Depression: According to a report in the Archives of General Psychiatry, following a Mediterranean diet composed of a high ratio of monounsaturated fatty acids to saturated fatty acids, a high intake of legumes, fruit, nuts, cereals, vegetables and fish with a moderate intake of alcohol and dairy products and a low intake of meat, had a reduced risk in developing depression. Researchers from the University of Las Palmas de Gran Canaria and the Clinic of the University of Navarra, Pamplona, Spain, are not sure of the exact reasons for the reduction, but suggested that the diet may aid in reducing risk for heart disease, improve blood vessel function, fight inflammation and repair oxygen-related cell damage, all of which could reduce the risk of developing depression. Researchers stated that “it is plausible that the synergistic combination of a sufficient provision of omega-three fatty acids together with other natural unsaturated fatty acids and antioxidants from olive oil and nuts, flavonoids and other phytochemicals from fruit and other plant foods and large amounts of natural folates and other B vitamins in the overall Mediterranean dietary pattern may exert a fair degree of protection against depression."
Curb Hunger: Although fatty foods are often associated with weight gain, a study by UC Irvine pharmacologists demonstrated that foods rich in unsaturated fats, such as olive oil, could in fact curb hunger.
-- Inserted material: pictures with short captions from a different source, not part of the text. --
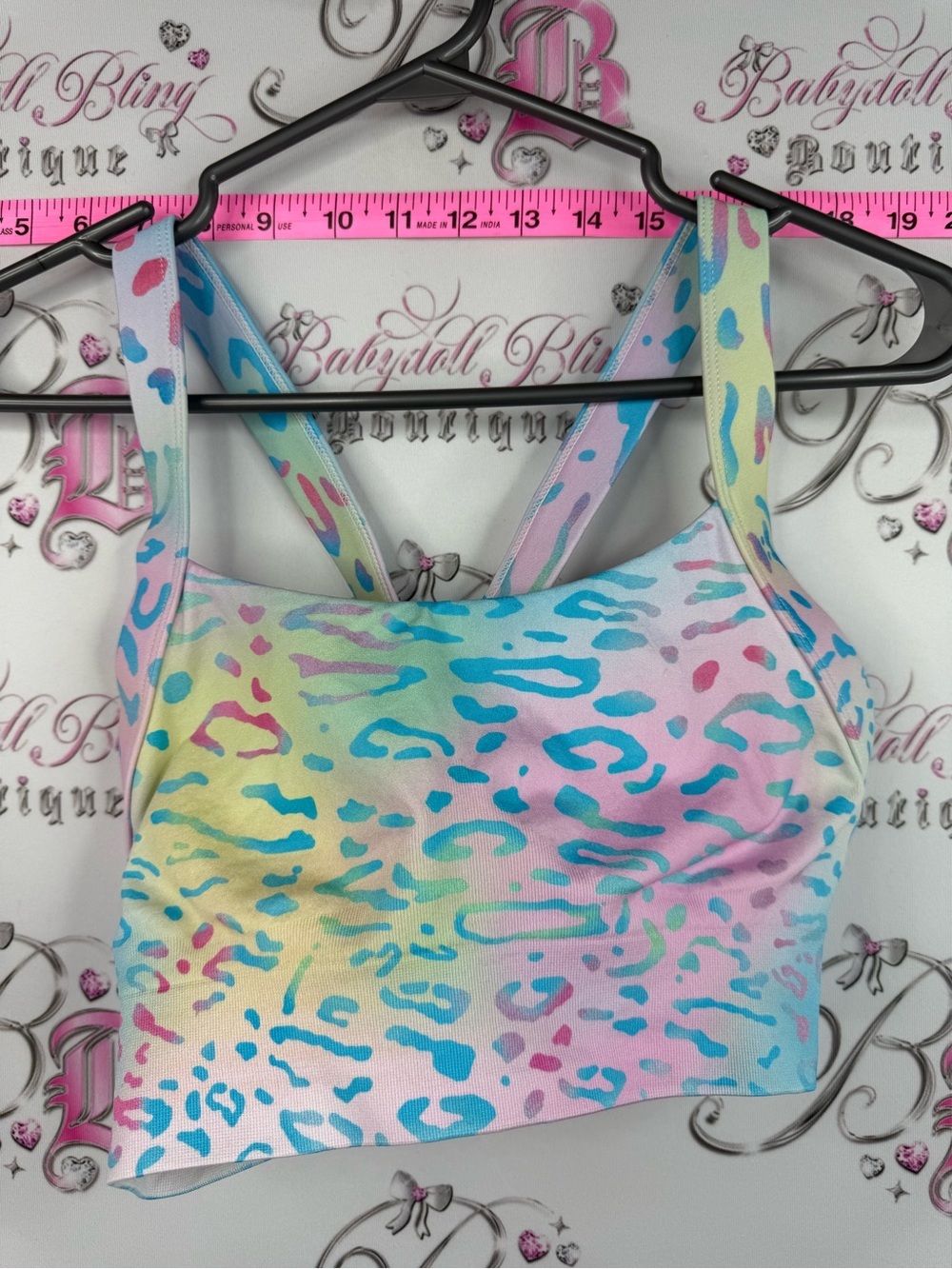 Sports bra neon Pastel Leopard Print Cropped Sports Bra Top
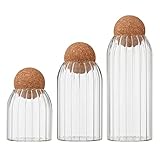 Frischhaltedosen aus Glas, transparent, mit luftdichtem Verschluss, Holzdeckel, Kugel für Getreide, Tee, Kaffee, Zucker, Nüsse, Mehl, 3 Stück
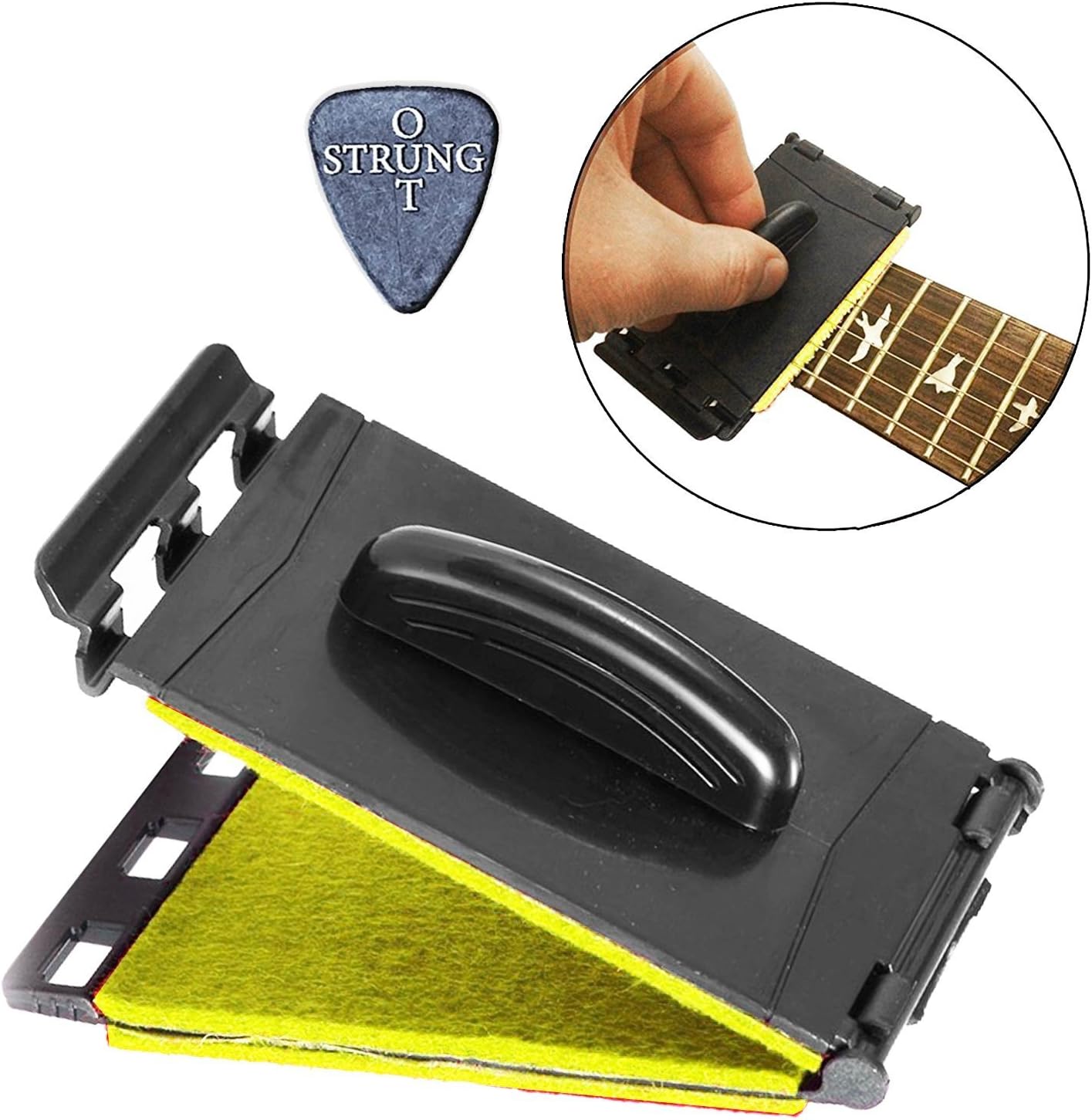 StrungOut Dual Guitar String and Fretboard Cleaner for Electric and Acoustic Guitars (Yellow)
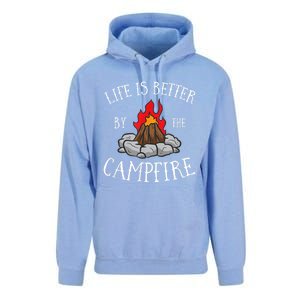 Life Is Better By The Campfire Scouts Camping Campfire Unisex Surf Hoodie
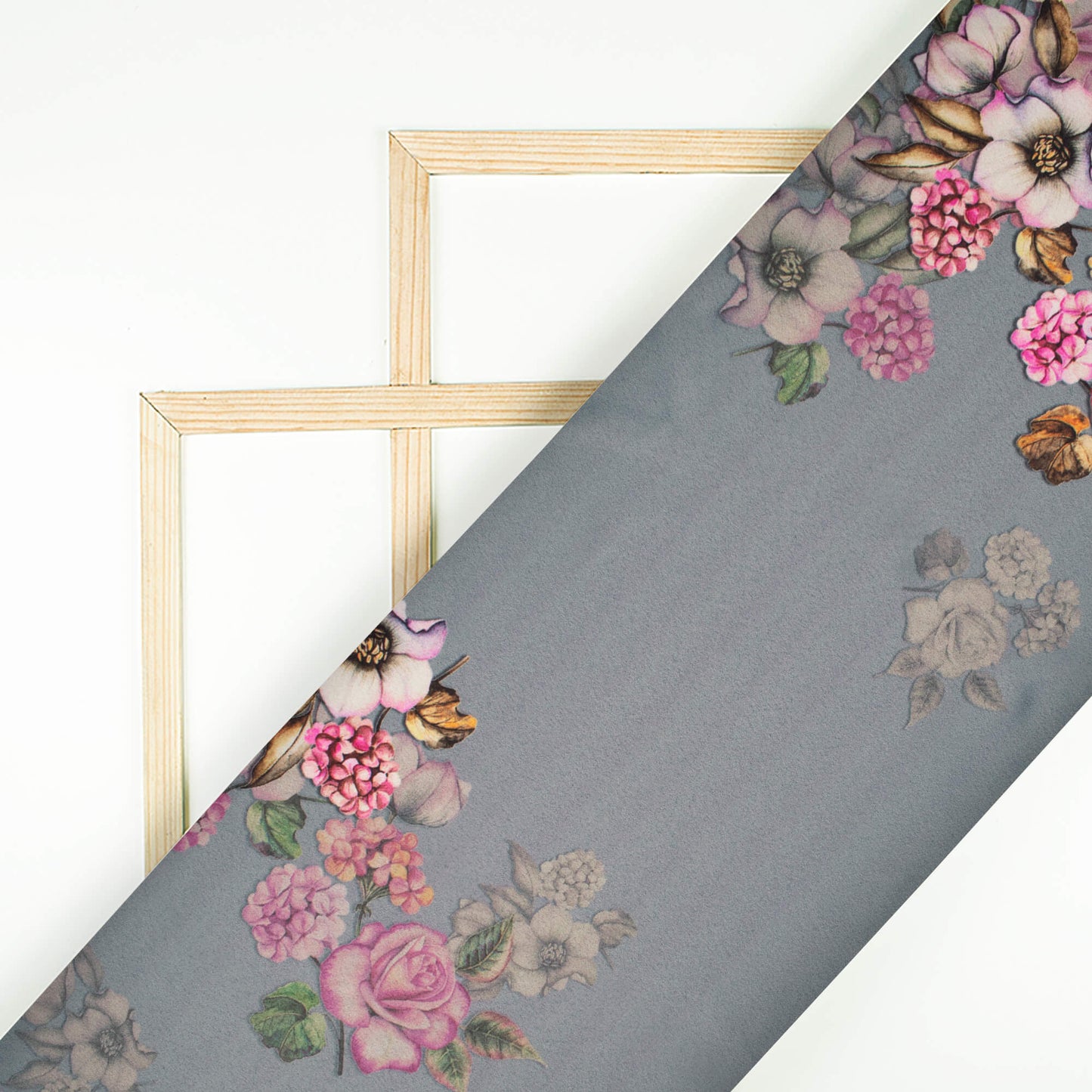 Steel Grey And Pale Pink Floral Pattern Digital Print Charmeuse Satin Fabric (Width 58 Inches)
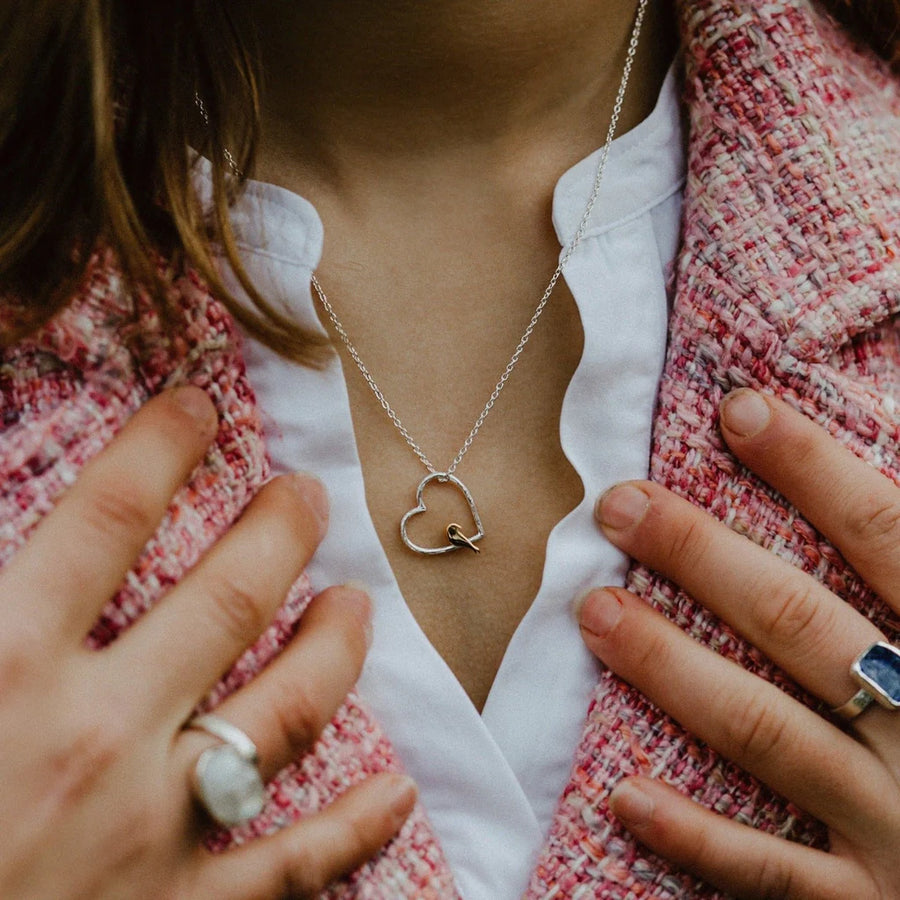 Two-Tone Bird & Heart Adjustable Necklace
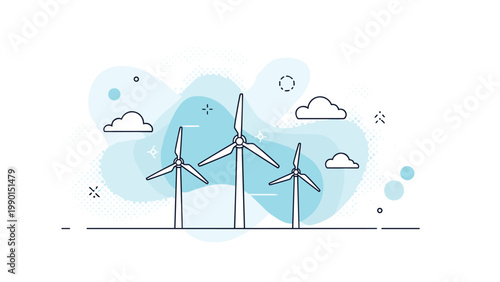 Stylized line art illustration of wind turbines on a decorative blue background featuring clouds and geometric design elements.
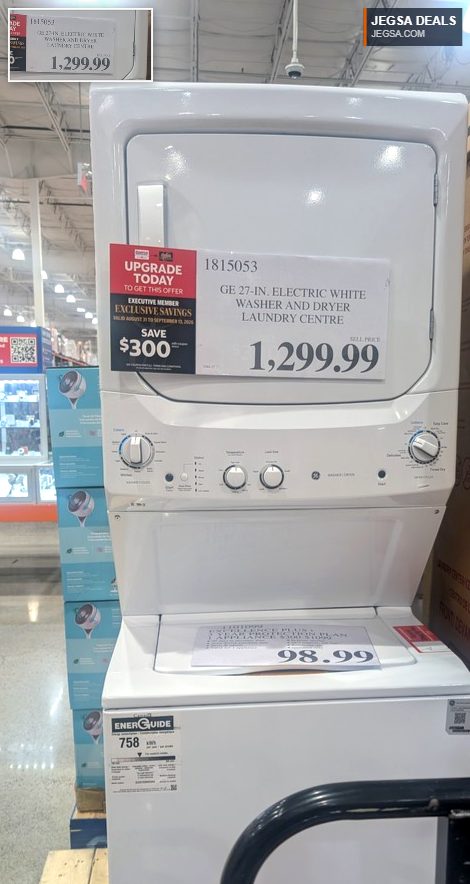 White GE 27-inch electric stacked washer and dryer laundry center from Costco, offering a $300 saving on the sell price of $1,299.99.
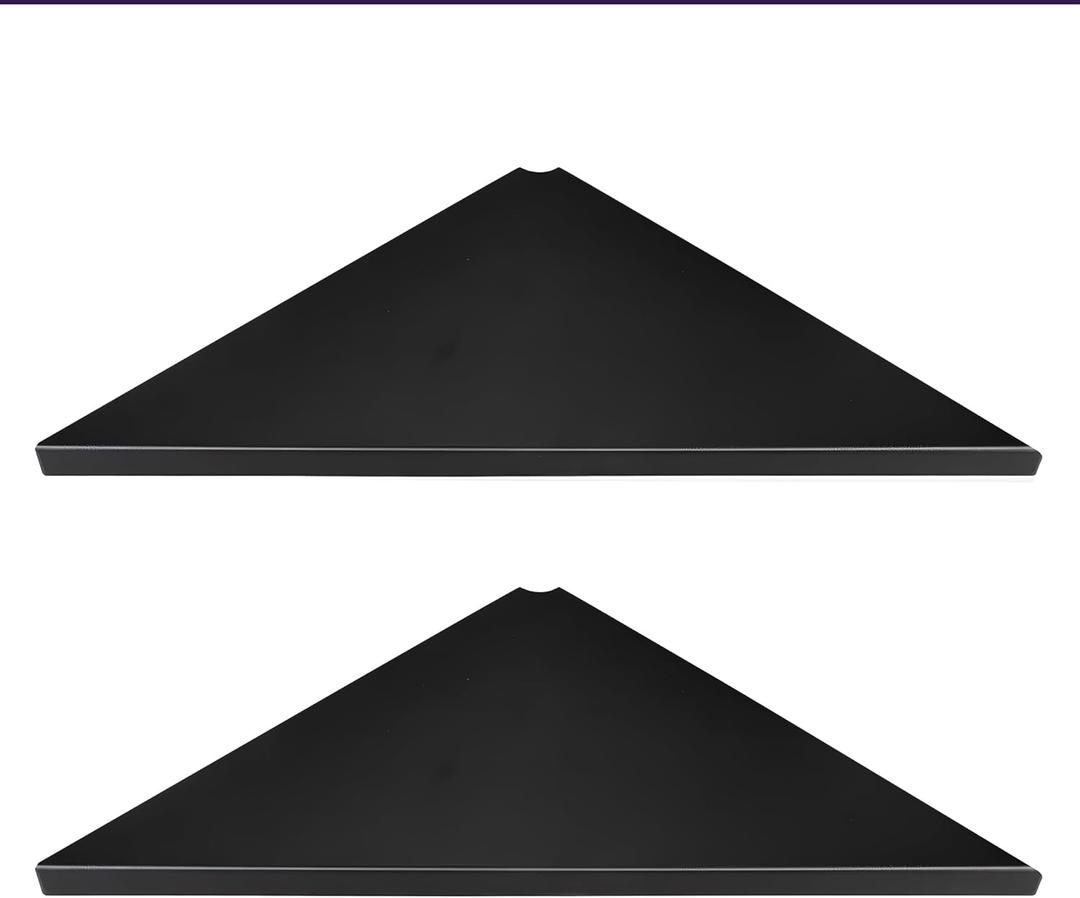 evron Corner Mounting Shelf Set of 2  Easy to Install Floating Wall Shelves with Wood Grain Finish, Durable and Waterproof ABS Plastic for Kitchen, Bathroom, Living Room Home Dcor (Black)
The study found that in the small intestine, oleic acid (an unsaturated fatty acid that makes up 55-88 percent of olive oil) is converted into oleoylethanolamide (OEA), a fat derived compound, which sends a message to the brain to stop eating.
Longer Life: Past research has found that a Mediterranean diet is associated with longer life, but a recent study, led by Professor Dimitrios Trichopoulos at the Harvard School of Public Health, was the first to research the significance of individual components of the diet and their link to longer life. Along with the benefit of eating more fruits and vegetables and lowering intake of meat and alcohol, the study also stated the importance of combining olive oil consumption with these dietary habits in order to help lead a longer life.